LONDON: Copper prices rose on Tuesday as a softer dollar triggered fund buying, though gains were capped by rising inventories and a worsening demand outlook, particularly in top consumer China.
Benchmark copper on the London Metal Exchange (LME) was up 0.7% at $7,563 a tonne by 1010 GMT in subdued trade owing to Chinese holidays. Prices of the metal viewed as a gauge of economic growth have dropped 30% since scaling a record peak in March.
The dollar slipped after data showing that U.S. manufacturing expanded at its slowest since May 2020 raised the prospect of less aggressive increases to U.S. interest rates.
A weaker U.S. currency makes dollar-priced metals cheaper for holders of other currencies, potentially boosting demand. This relationship is used by funds to generate buy and sell signals from numerical models.
Overall, though, the dollar is near its strongest in 20 years, which will weigh on demand together with weak consumption as economies slow, driving down copper prices.
“A strong dollar is a clear headwind,” said BNP Paribas analyst David Wilson.
“Demand in China is a particular headwind, due mainly to the property sector.
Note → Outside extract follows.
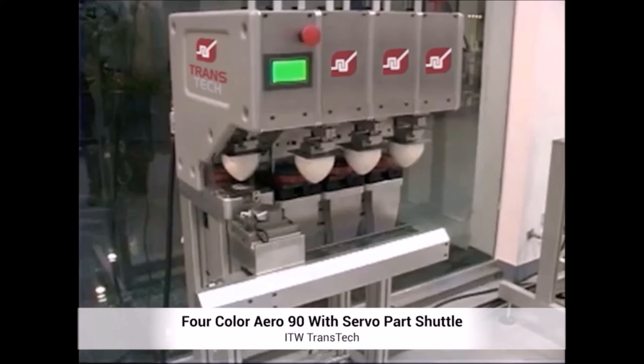Precise print location and repeatability allows repeatable color-to-color decoration as well as process printing. This reduces scrap and allows for consistent quality decoration.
Chinese authorities have introduced measures to stem the decline in the property sector without much affect.”
China’s property market troubles worsened in August, with home prices, sales and investment all falling as a mortgage boycott and financial strains on builders further undermined confidence in the sector.
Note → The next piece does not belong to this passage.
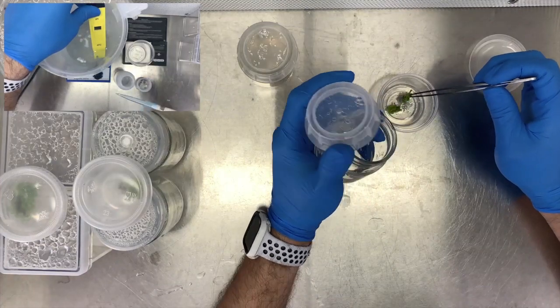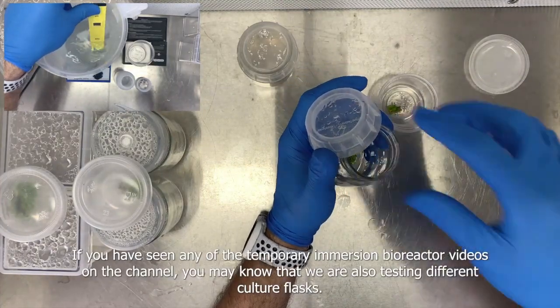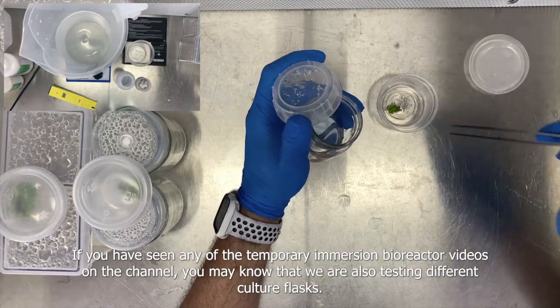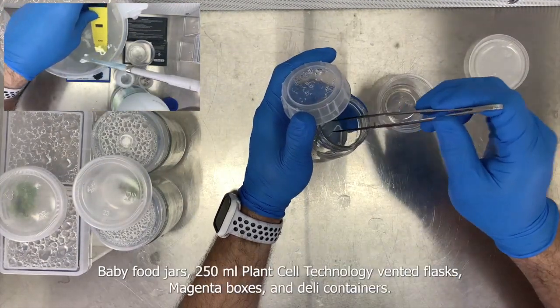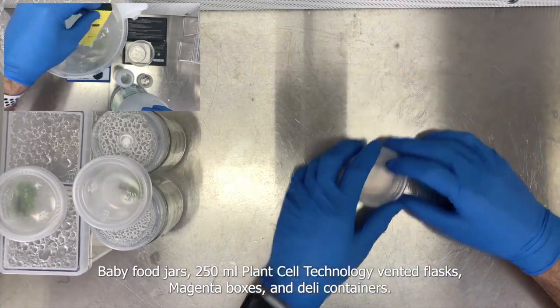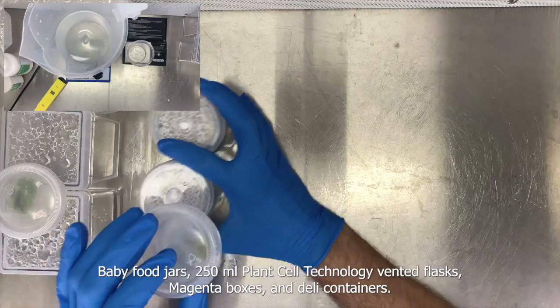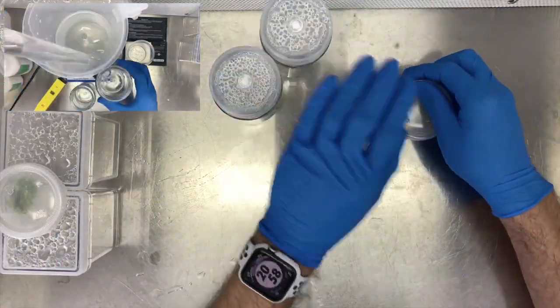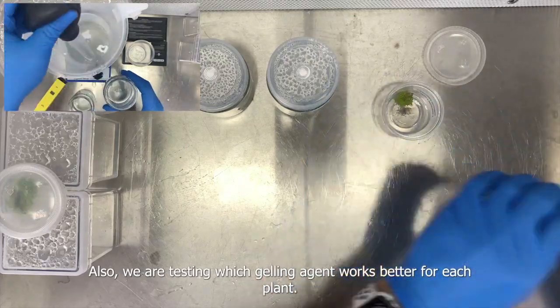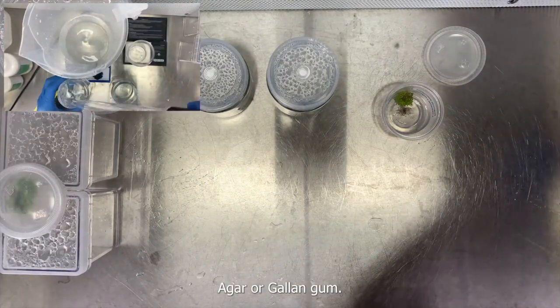If you have seen any of the temporary immersion bioreactor videos on the channel, you may know that we are also testing different culture flasks: baby food jars, 250 ml Plant Cell Technology vented flasks, Magenta boxes, and daily containers. We are also testing which gelling agent works better for each plant — agar or gellan gum.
Stocks of copper stocks in LME-approved warehouses are up nearly 35% since Sept. 15 at 136,750 tonnes. That is still low by historical standards, but traders expect further deliveries because of the high premium for cash metal over the three-month contract.
Copper breached but failed to hold above the 21-day moving average of $7,650. A sustained break above that will leave copper facing strong resistance at the 50-day moving average, currently sitting at $7,795.
In other metals, aluminium was up 2.5% at $2,276 a tonne, zinc rose 0.7% to $2,980, lead gained 0.8% to $1,876, tin advanced 1.1% to $20,290 and nickel was up 0.7% at $21,415.